Building of a Diagnostic/Prognostic Database for Human ERG Variant Effects (CarDiag)

Building of a Diagnostic/Prognostic Database by High-throughput Multiplexed Assays for Human ERG Variant Effects

Cardiac channelopathies induce severe heart rhythm or conduction disorders. Mutations of the KCNH2 gene, that encodes the human (h) ERG channel, is responsible for 30-40% of all cases of long QT syndrome (inherited LQT2). Besides, hERG is frequently responsible for off-target effects of several pharmacological agents (acquired LQT2). With the advent of Next Generation Sequencing, hundreds of new KCNH2 variants are accumulating in regional databases including those developed by french centers of references. Worldwide, we estimate there are more than 1000 variants for hERG channel. Unfortunately, many of these new variants appear to be of unknown functional significance in spite of available clinical and genetic information. Little is known on whether they affect the channel biophysical properties, its expression at the cell surface and/or its structure. Yet, this information is crucial to determine the real degree of pathogenicity of these variants, and therefore to make the proper diagnosis on inherited LQT2, counsel the patient for his treatment and improve the management of the patient's life. Our ambition is therefore to tackle this issue of variant significance by (i) launching a large-scale multi-functional evaluation of hERG variants, (ii) introducing for the first time a formatted large-scale pathogenicity annotation score for all variants that have been functionally evaluated by this multi-parametric approach, and (iii) regrouping all the relevant information collected in every French Regional centers of reference into a single National database hosted by an infrastructure that possesses enough flexibility for continuous data implementation and cross-referencing. The database will integrate the latest International guidelines for functional pathogenicity annotation. This project will also include the pharmacological characterization of several drugs susceptible to produce acquired LQT2 with variable severities.
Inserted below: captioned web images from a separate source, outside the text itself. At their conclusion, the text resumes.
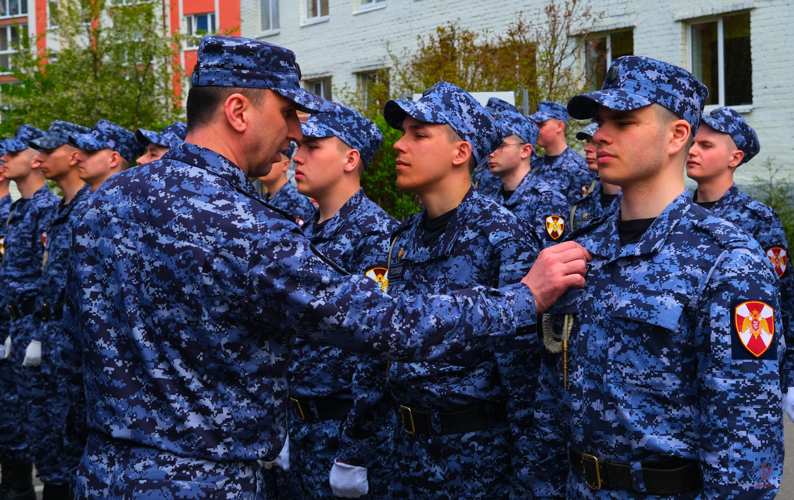 Более 80 молодых калининградцев призовут на службу в специальный моторизованный полк Росгвардии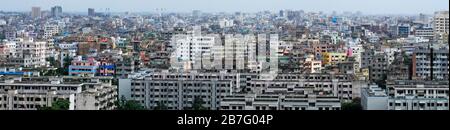 Dhaka è una delle città popolate e inquinate del mondo dove vivono più di 40 milioni di persone. Vista panoramica di Mirpur parte la città. Foto Stock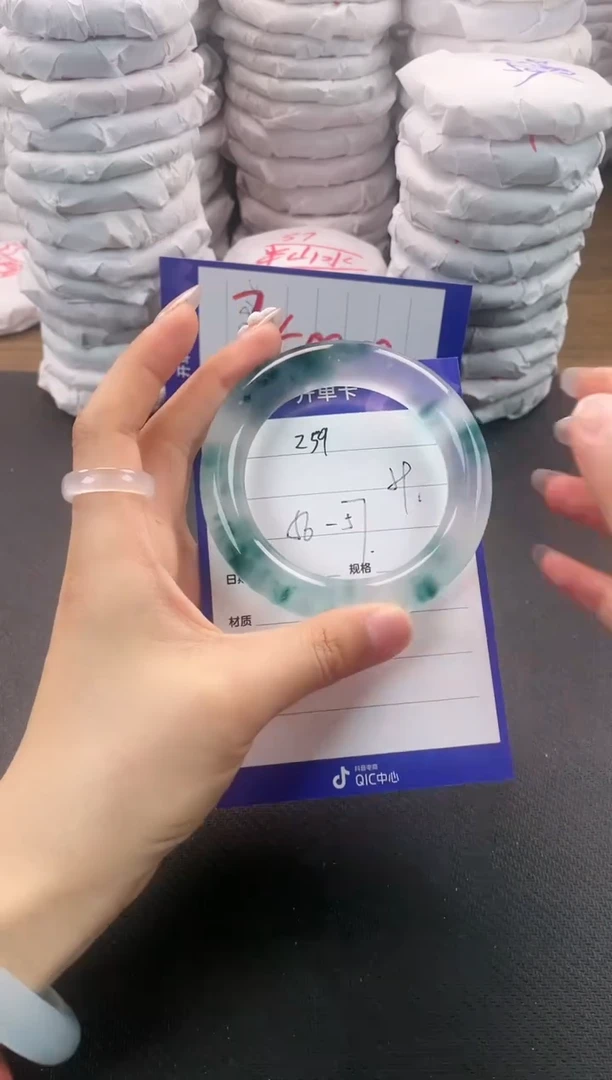 未镶嵌手镯石英质玉259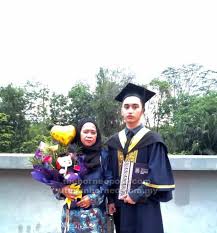 Ia juga dapat mengurangkan kos penginapan dan perjalanan bagi ibu bapa yang tinggal berdekatan dengan kampus anak meraka. Siswa Sulung Tajaan Tabung Pendidikan Jbbps Lulus Cemerlang Utusan Borneo Online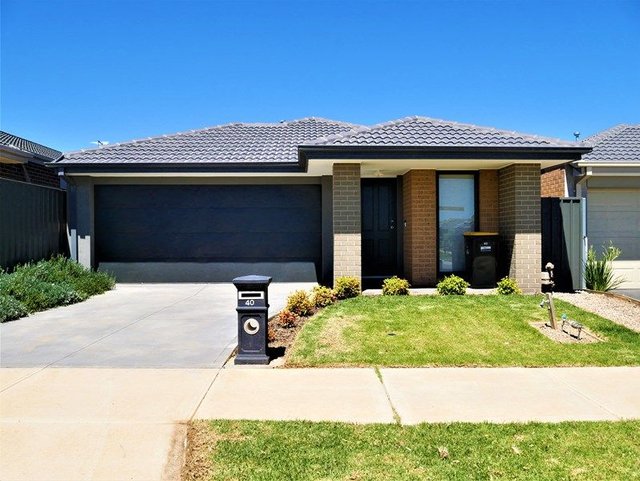 40 Golden Wattle Way, VIC 3337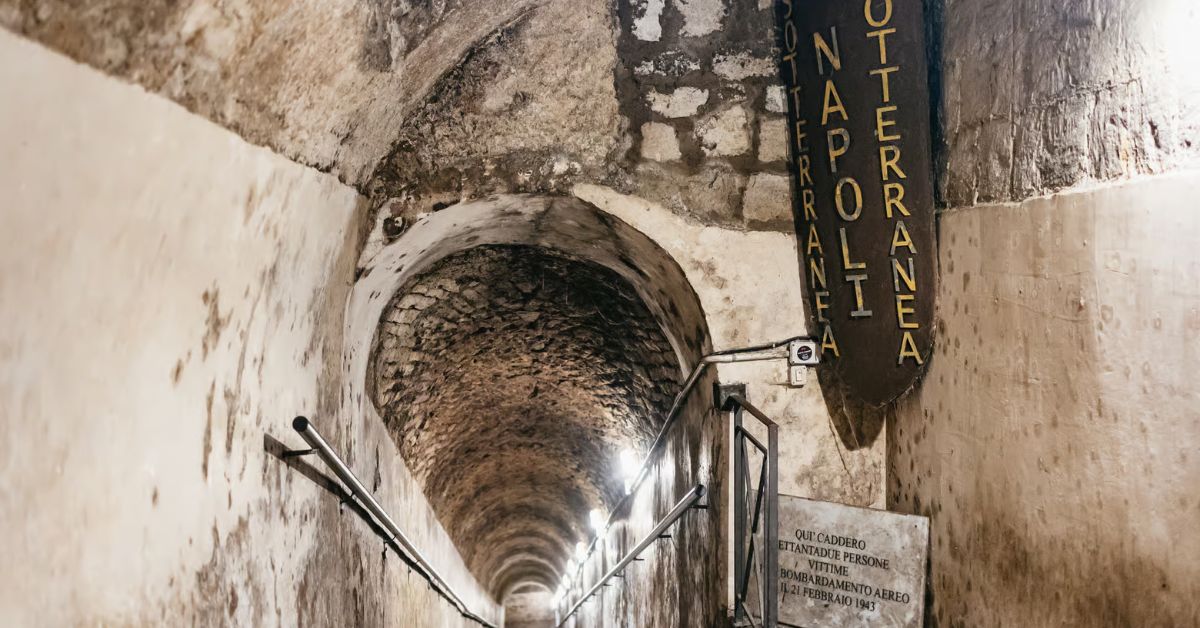 Cueva Subterránea en Nápoles, Italia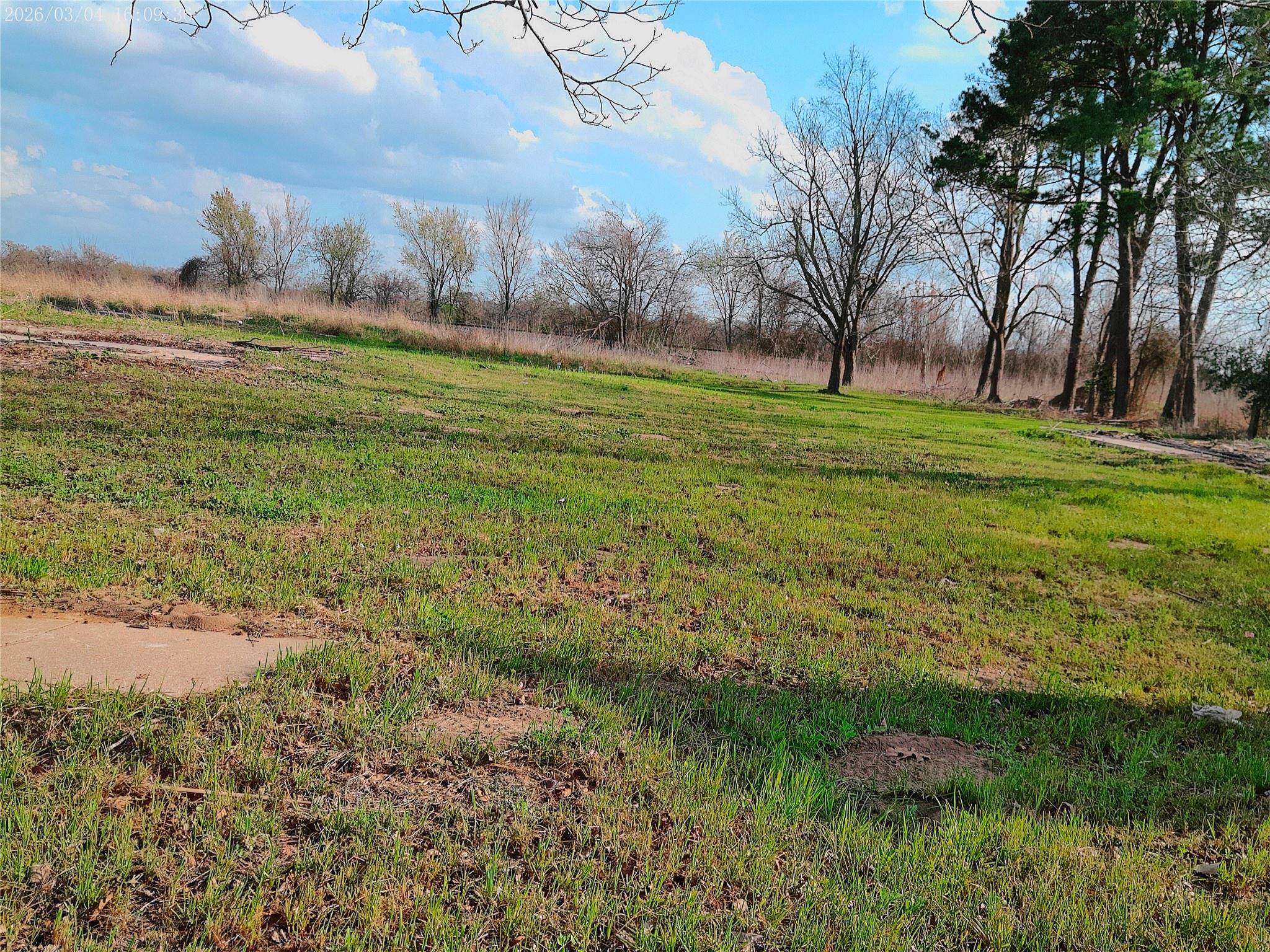 1304 E Cameron Avenue Rockdale TX 76567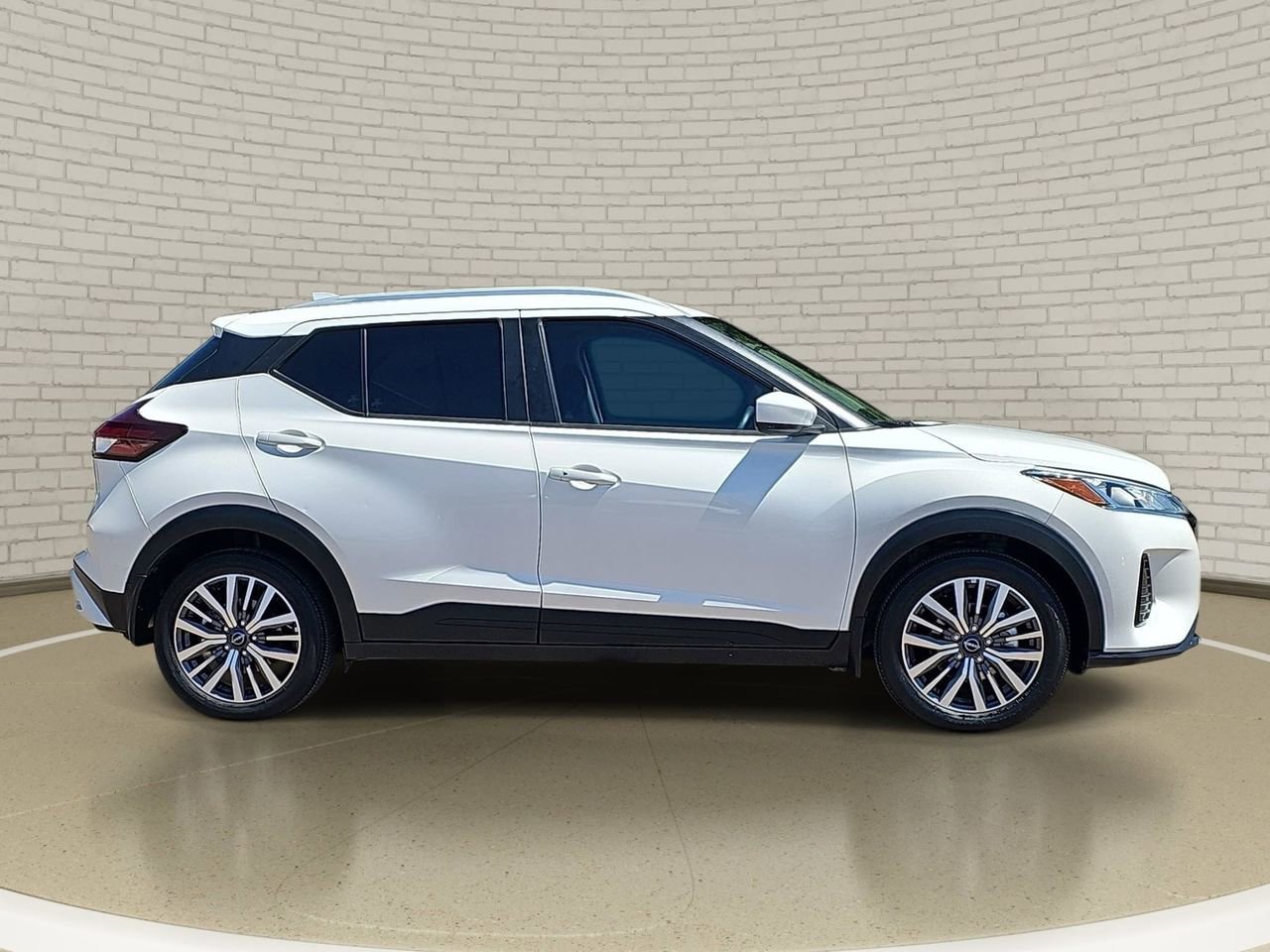Certified 2023 Nissan Kicks SV FWD image 4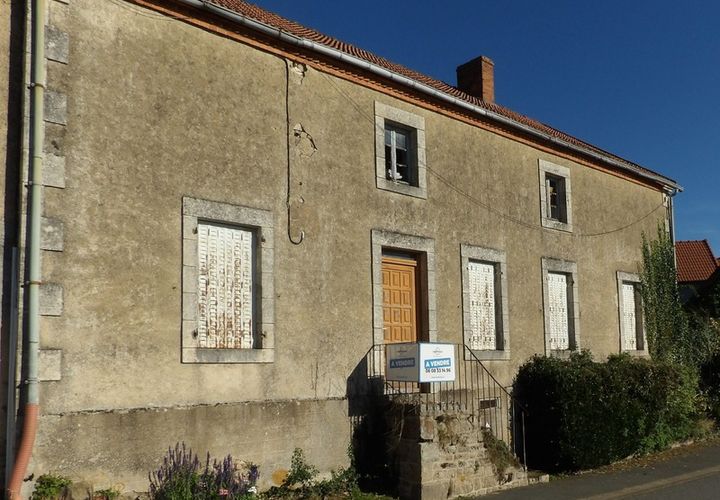 Farm hus i Sainte-Therence, Allier, Sainte-Therence - € 89.000 | Ref: 340939569181 - foto 1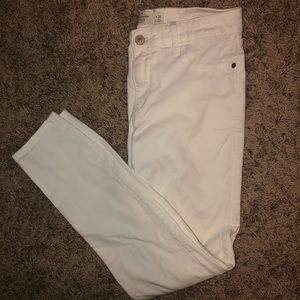 Abercrombie & Fitch Women's White Skinny Jeans
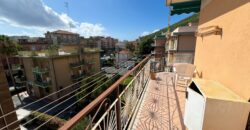 TRILOCALE CON DOPPIO BALCONE E POSTO AUTO –  VIA DANTE – 200 M DAL MARE – BORGHETTO SANTO SPIRITO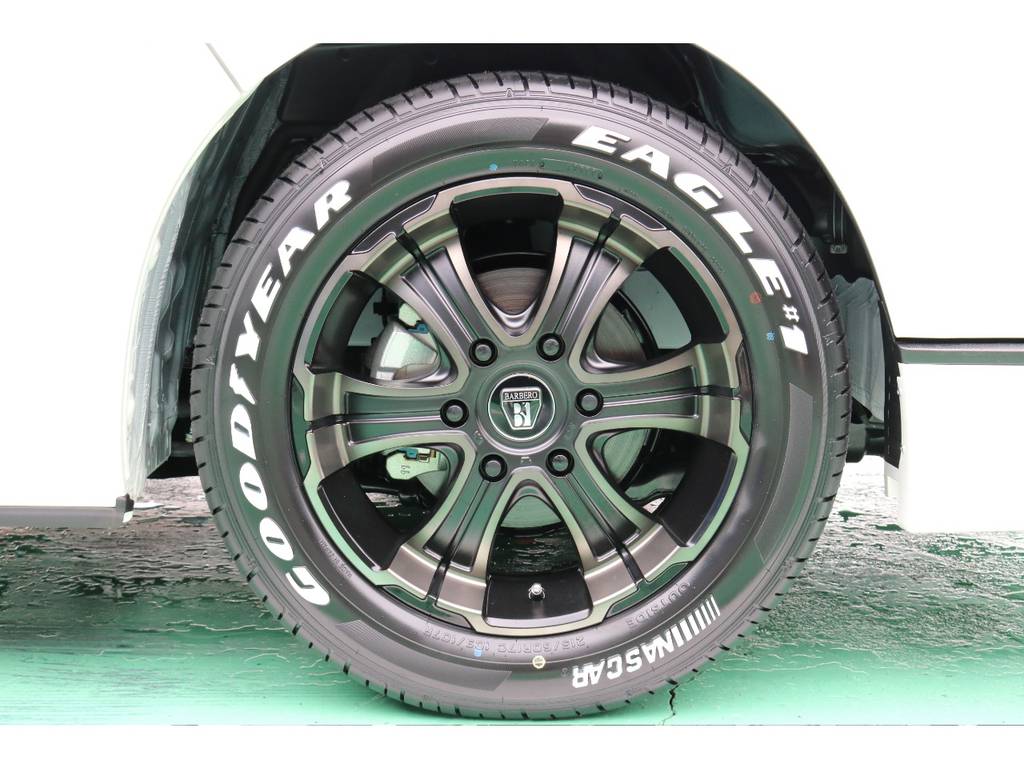 ホイールはFLEXオリジナル　バルベロディープス17インチをセレクト♪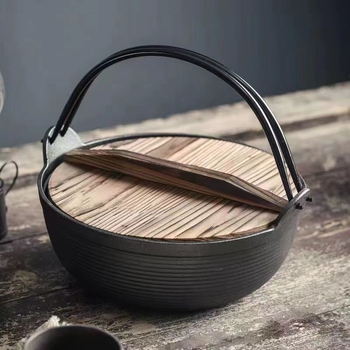 Oală japoneză pentru sukiyaki din fontă, netencuită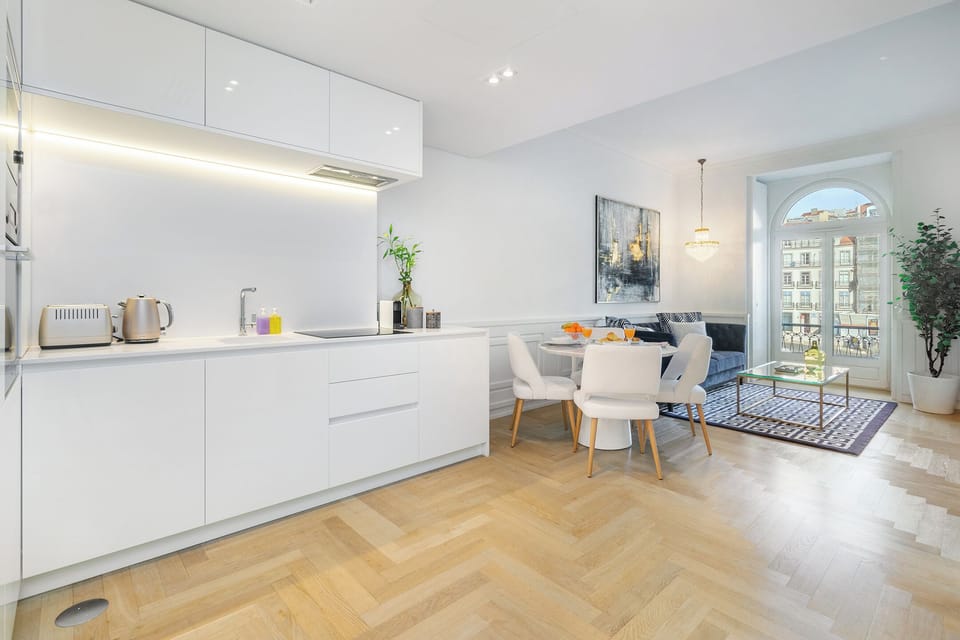 Apartment, 1 Bedroom | Private kitchen | Electric kettle, toaster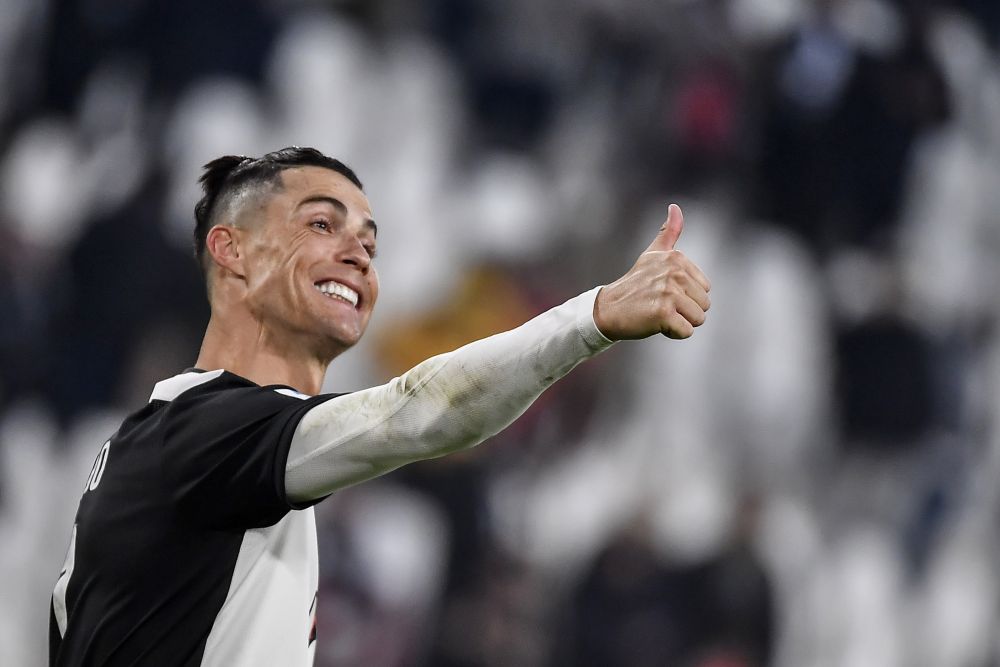 Na snímke portugalský útočník Juventusu Cristiano Ronaldo oslavuje gól do siete Cagliari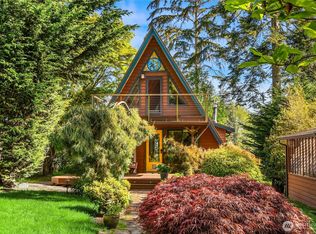 7575 Madrona Dr NE, Bainbridge Island, WA 98110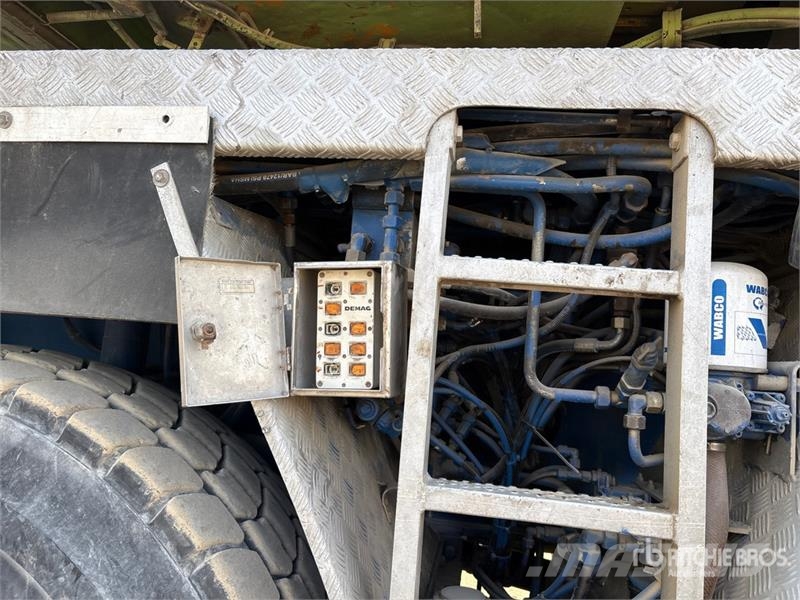 Demag AC395 120 ton 10x6x8 All Terrain Crane Rabljene dizalice za težak teren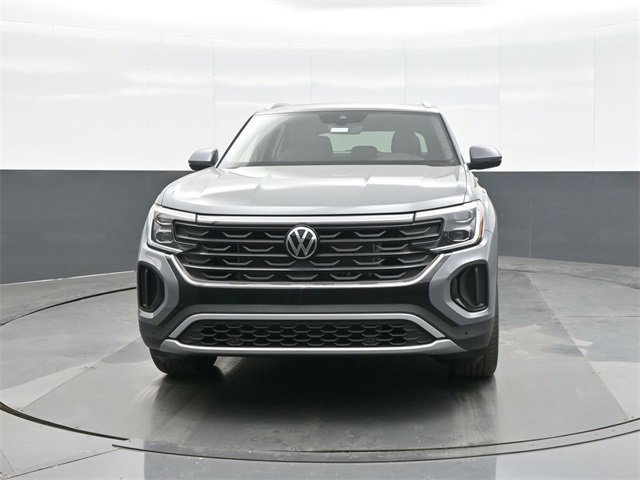 New 2026 Volkswagen Atlas Cross Sport SE image 2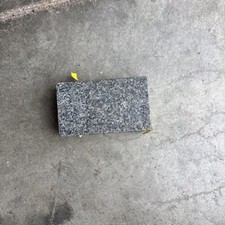 Buff  / Silver Granite cobble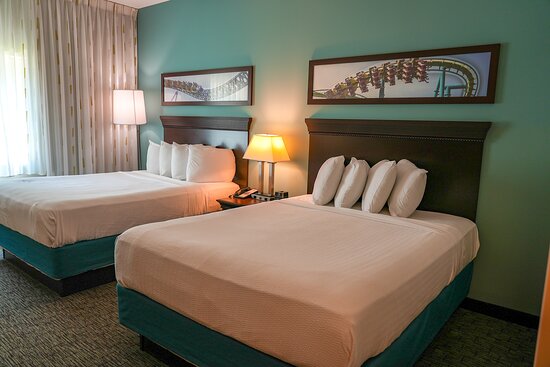 Cedar Point's Express Hotel-客卧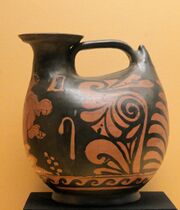 Apulian RF askos 330-300BC MAN.jpg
We aim to understand whether there are structural regions within hERG channel in which the introduction of a variant is more prone to increase the risk of acquired LQT2 or if, on the contrary, a set of variants may relatively protect some patients against LQT2-inducing drugs.

Study Overview

• Status: Recruiting
• Conditions: Long QT Syndrome

• Study Type: Observational
• Enrollment (Estimated): 600

Contacts and Locations

• Study Contact: Name: Vincent Probst, PUPH; Phone Number: 0240165279; Email: vincent.probst@chu-nantes.fr

Study Locations

• France
  • Paris, France, 75018
    • Recruiting
    • Hôpital Bichat - Claude Bernard
    • Contact: Isabelle Denjoy, Dr
  • Loire-atlantique
    • Nantes, Loire-atlantique, France, 44093
      • Recruiting
      • Nantes University Hospital
      • Contact: Vincent Probst, PUPH; Phone Number: +33240165279; Email: vincent.probst@chu-nantes.fr

Participation Criteria

Eligibility Criteria

• Ages Eligible for Study: Child; Adult; Older Adult
• Accepts Healthy Volunteers: No

• Sampling Method: Non-Probability Sample

Study Population

A collective effort will be conducted by all partners on identifying sets of priorities for KCNH2 variants. Priority 1 will be all the variants for which clinical and genetic data cannot decide on their own about the pathogenicity. All French variants will be included in this group. It may be enlarged by interesting variants identified from Clinvar. Priority 2 variants will be those for which pathogenicity is established but for which additional functional, pharmacological and structural data may be of interest. Special mention will be attributed to the variants that localize on hERG regions well defined structurally. Priority 3 are all other variants.

Description

Inclusion Criteria:

• Patients carrier of a mutation in KCNH2 gene

Exclusion Criteria:

• Patients who refuse to take part to research

Study Plan

How is the study designed?

What is the study measuring?

Primary Outcome Measures

Outcome Measure	Measure Description	Time Frame
To develop a database listing KCNH2 variants and their clinical impact	Biophysical and pharmacological characterization; Trafficking impact of hERG variants; Structural impact of hERG variants using modeling tools	42 months

Secondary Outcome Measures

Outcome Measure	Measure Description	Time Frame
To stratify KCNH2 gene variants according to their sensitivity to drugs	Stratify KCNH2 gene variants according to their sensitivity to drugs known to induce acquired type 2 long QT syndrome	42 months

Collaborators and Investigators

• Sponsor: Nantes University Hospital
• Collaborators: Institut National de la Santé Et de la Recherche Médicale, France; Centre National de la Recherche Scientifique, France

Study record dates

Study Major Dates

• Study Start (Actual): September 20, 2021
• Primary Completion (Actual): December 31, 2023
• Study Completion (Estimated): March 24, 2026

Study Registration Dates

• First Submitted: October 12, 2023
• First Submitted That Met QC Criteria: October 12, 2023
• First Posted (Actual): October 17, 2023

Study Record Updates

• Last Update Posted (Actual): May 23, 2025
• Last Update Submitted That Met QC Criteria: May 22, 2025
• Last Verified: May 1, 2025

More Information

Terms related to this study

• Keywords: Long QT syndrome; KCNH2 gene variants
• Additional Relevant MeSH Terms: Cardiac Conduction System Disease; Cardiovascular Diseases; Pathologic Processes; Heart Diseases; Arrhythmias, Cardiac; Congenital Abnormalities; Cardiovascular Abnormalities; Heart Defects, Congenital; Long QT Syndrome
• Other Study ID Numbers: RC21_0456

Plan for Individual participant data (IPD)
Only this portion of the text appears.